Добавить в цитаты Настройки чтения

Страница 7 из 8



В городе было полно диверсантов. Возле старого базара находилась высокая колокольня. Однажды днем, возвращаясь от дедушки домой, мы были свидетелями настоящего боя между засевшим на колокольне диверсантом и милицией.

Теперь я начну рассказывать о чудесах, которые на всем пути эвакуации выручали нас, давали нам повод верить в то, что мы остались целы и невредимы благодаря какой-то сверхъестественной силе.
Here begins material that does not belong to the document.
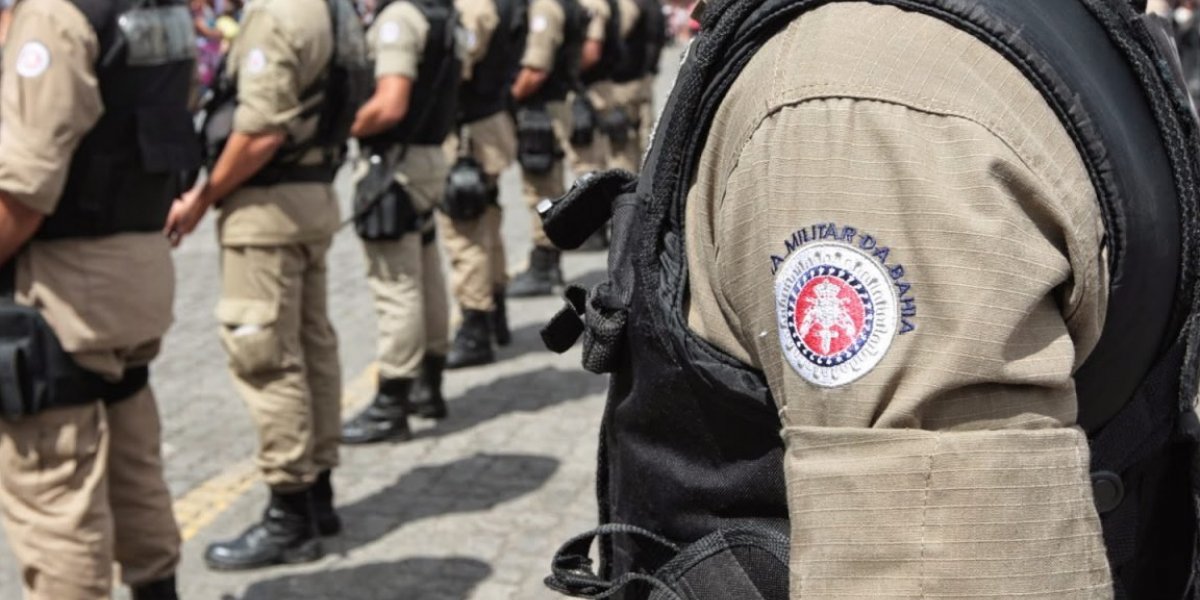 Dupla é presa após usar pistola falsa em assalto no bairro de Vista Alegre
Мы ночевали 16 июля в погребе дяди Давида вместе с его семьей. В городе гремели взрывы. Город горел. Уходя, советские войска подрывали все, что можно было подорвать. Мы проснулись рано утром от стука в погреб, и я услышал бабушку Хейвет, которая кричала безумным голосом: «Что вы тут спите! Город горит, все бегут, на вокзале стоит последний пассажирский поезд. Вы должны немедленно уехать. Бегите на вокзал!»

Заранее были приготовлены маленькие чемоданчики и сумки со всем необходимым – все то, что можно было увезти. Мы понимали, что нам придется либо уехать, либо остаться в неизвестности. Особую ценность для меня представлял пиджачок, карманы которого были наполнены марками из моей коллекции.
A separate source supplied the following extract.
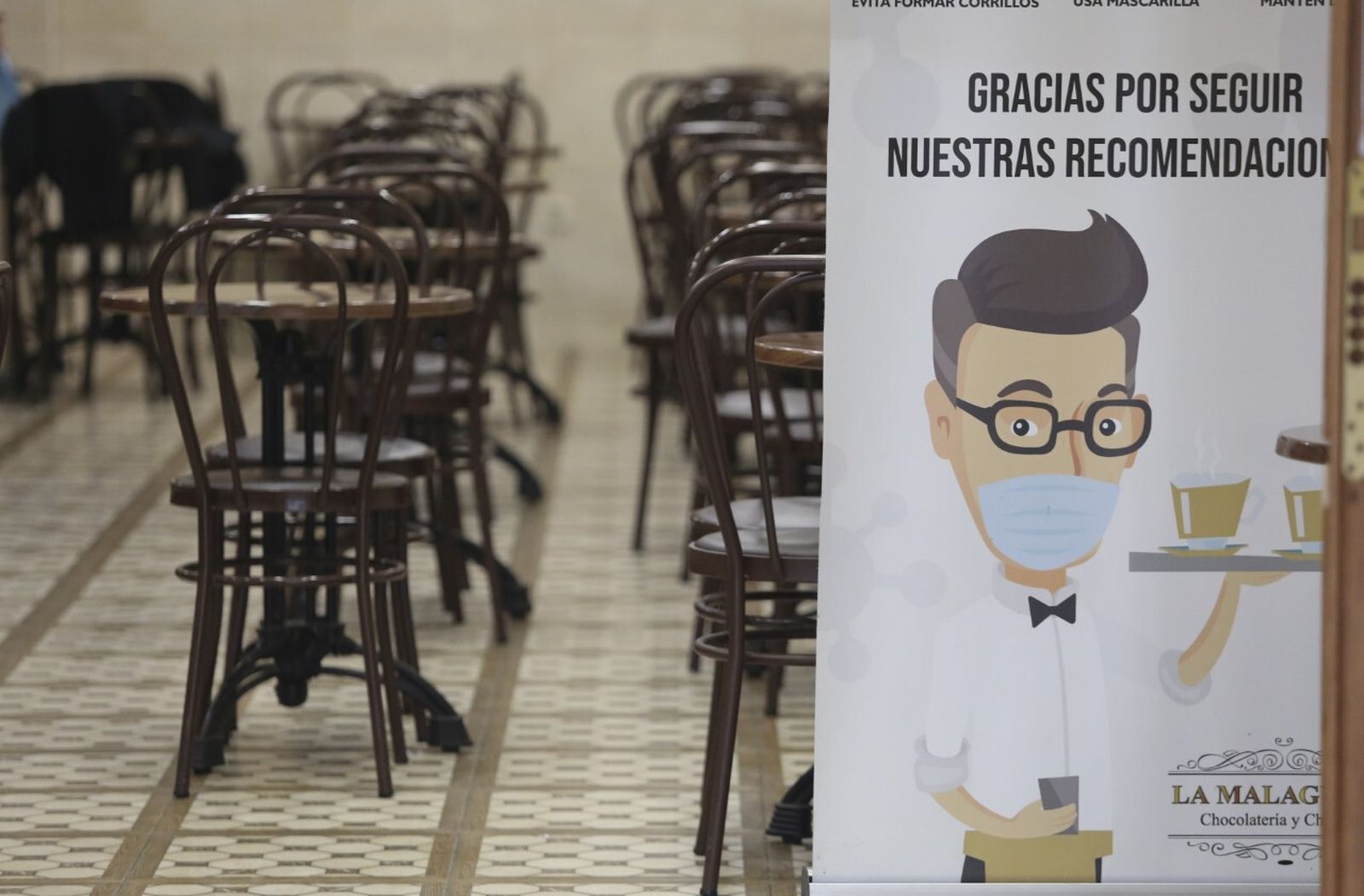 Una cafetería en Málaga capital, este pasado viernes, sin ningún cliente.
На перроне под парами стоял эшелон, переполненный людьми. Схватив кое-что из приготовленного багажа, мама, я, брат и бабушка Цейтл (мать моей мамы) побежали на вокзал, который находился в двух шагах от дедушкиного дома, и остановились у последнего вагона. Там стоял боец с ружьем и никого не пропускал. Мама взмолилась: «У меня дети!» – но солдат был непреклонен. В дверях вагона появился военный в чине лейтенанта с двумя кубиками на петлицах. Я узнал в нем директора школы Георгия Захаровича, который спросил: «Вайсман, что ты тут делаешь?» За меня ответила мама: «У нас есть справка об эвакуации, и мы бы хотели уехать, но солдат нас не пускает». И тут мы услышали команду: «Пропустить». Солдат отступил, и мы, тяжело нагруженные, сначала подняли бабушку, потом Фиму. Я забрался сам. Последней была мама.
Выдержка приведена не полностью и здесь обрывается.